Executable stack

The gcc compiler implements an extension to C: nested functions. A trivial example:

int f() {
    int i = 2;
    int g(int j) { return i + j; }
    return g(3);
}

The function f will return 5. Note in particular that the nested function g refers to the variable i defined in the enclosing function.

You can mostly treat nested functions as ordinary functions. In particular, you can take the address of a nested function, and you can pass the resulting function pointer to another function, that function can make a call through the function pointer to the nested function, and the nested function will correctly refer to variables in its caller’s stack frame. I’m not here going to go into the details of how this is implemented. What I will say is that gcc currently implements this by writing instructions to the stack and using a pointer to those instructions. This requires that the stack be executable.

This approach was implemented many years ago, before computers were routinely attacked. In the hostile Internet environment of today, an area of memory that is both writable and executable is dangerous, because it gives an attacker space to create brand new instructions to execute. Since the stack must be writable, this means that we want to make the stack non-executable if possible. Since very few programs use nested functions, this is normally possible. But we don’t want to break those few programs either.

This is how the GNU tools do it on ELF systems such as GNU/Linux. The compiler adds a new section to all code that it compiles. The section is named .note.GNU-stack. It is empty and not allocated, which means that it takes up no space at runtime. If the code being compiled does not require an executable stack—the normal case—the compiler doesn’t set any flags for the section. If the code does require an executable stack, the compiler sets the SHF_EXECINSTR flag.

When the linker links a program, it checks each input object for a .note.GNU-stack section. If there is no such section, the linker assumes that the object must be old, and therefore may require an executable stack. If there is such a section, the linker checks the section flags to see whether the code requires an executable stack. The linker discards the .note.GNU-stack sections, and creates a PT_GNU_STACK segment in the output executable. The PT_GNU_STACK segment is empty and is not part of any PT_LOAD segment. The segment flags PF_R and PF_W are always set. If the linker has determined that the program requires an executable stack, it also sets the PF_X flag.

When the Linux kernel starts a program, it looks for a PT_GNU_STACK segment. If it does not find one, it sets the stack to be executable (if appropriate for the architecture). If it does find a PT_GNU_STACK segment, it marks the stack as executable if the segment flags call for it. (It’s possible to override this and force the kernel to never use an executable stack.) Similarly, the dynamic linker looks for a PT_GNU_STACK in any executable or shared library that it loads, and changes the stack to be executable if any of them require it.

When this all works smoothly, most programs wind up with a non-executable stack, which is what we want. The most common reason that this fails these days is that part of the program is written in assembler, and the assembler code does not create a .note.GNU_stack section. If you write assembler code for GNU/Linux, you must always be careful to add the appropriate line to your file.
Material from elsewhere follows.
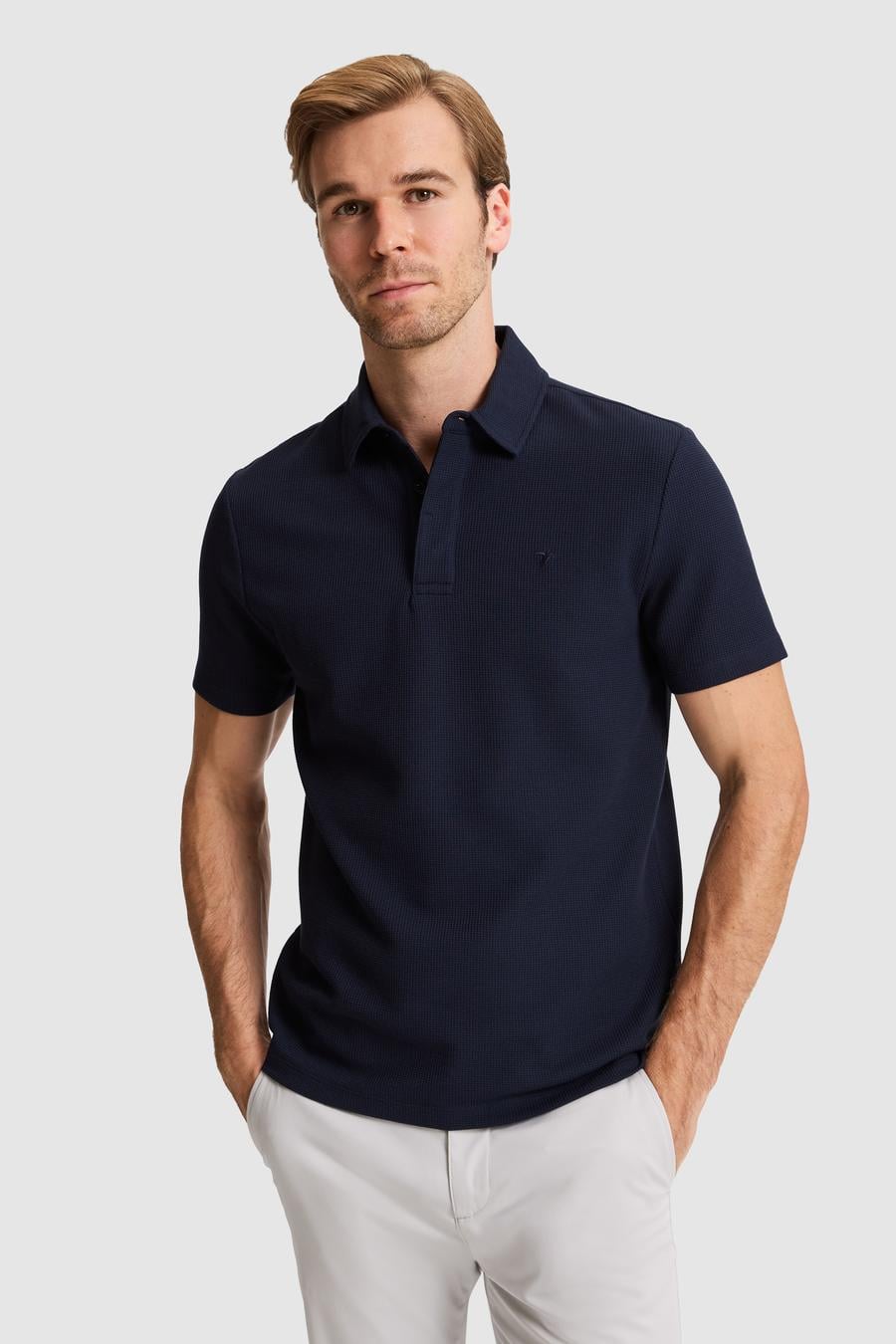 Lacivert Slim Fit Tişört - 50328358023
For most targets, the line you want is:

.section .note.GNU-stack,"",@progbits

There are some linker options to control this. The -z execstack option tells the linker to mark the program as requiring an executable stack, regardless of the input files. The -z noexecstack option marks it as not requiring an executable stack. The gold linker has a --warn-execstack option which will cause the linker to warn about any object which is missing a .note.GNU-stack option or which has an executable .note.GNU-stack option.

The execstack program may also be used to query whether a program requires an executable stack, and to change its setting.
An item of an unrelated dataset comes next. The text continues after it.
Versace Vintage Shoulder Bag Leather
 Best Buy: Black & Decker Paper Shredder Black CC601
These days we could probably change the default: we could probably say that if an object file does not have a .note.GNU-stack section, then it does not require an executable stack. That would avoid the problem of files written in assembler which do not create the section. It’s possible that this would cause some programs to incorrectly get a non-executable stack, but I think that would be quite unlikely in practice. An advantage of changing the default would be that the compiler would not have to create an empty .note.GNU-stack section in all object files.

By the way, there is one thing you can do with a normal function that you can not do with a nested function: if the nested function refers to any variables in the enclosing function, you can not return a pointer to the nested function to the caller. If you do, the variable will disappear, so the variable reference in the nested function will be dangling reference. It’s worth noting here that the Go language supports nested function literals which may refer to variables in the enclosing function, and when using Go this works correctly. The compiler creates variables on the heap if necessary, so they do not disappear until the garbage collector determines that nothing refers to them any more.

Finally, I’ll mention that there are some plans to implement a different scheme for nested functions in C, one which does not require any memory to be both writable and executable, but these plans have not yet been implemented. I’ll leave the implementation as an exercise for the reader.